Haley (Haley Bodell) is part of a clique of popular high-school kids in a bland suburban town who are preparing to take part in a local tradition. She and some other girls are wearing floaty dresses of sacrificial white and getting ready to go down to a local deli called Monty’s – along with a whole crowd of other kids – for what seems to be a pairing-off ritual, like a dance without music or dancing. But there is a lot riding on this, and Haley can’t persuade herself that she wants to join in.
Ham on Rye is a satirical parable on conformism and aspiration, and it speaks to anyone who, in settled adulthood, looks back to when their life and romantic chances were arbitrarily decided by a few events in their teens and early 20s. And there’s another layer, too. Ham on Rye takes a bleakly subversive look at the whole idea of breaking free of your boring suburban home town and making it in the glamorous adult world beyond. This is the theme of so many films, and perhaps it is the overriding theme of Hollywood itself.

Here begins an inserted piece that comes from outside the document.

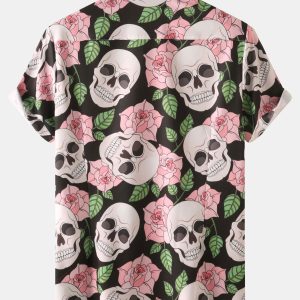 Skull Rose Print Button Up Shirt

So many films succumb to the romantic fantasy that the way to do this is to be a rebel, a free-thinker, a defier-of-norms.
Yet this film, in its surreal way, is grimly about something closer to the un-surreal truth: the people who got out of their boring, philistine home towns were overwhelmingly the competent conformists, at least outwardly and temporarily. They were the ones who worked hard, got good grades and went far away to college, where their individuality could at last flourish. Taormina’s meditation on all this could be compared to Yorgos Lanthimos or Gus Van Sant, but it is very individual work, as creepy as a ghost story.
• Ham on Rye is available on Mubi from 11 January.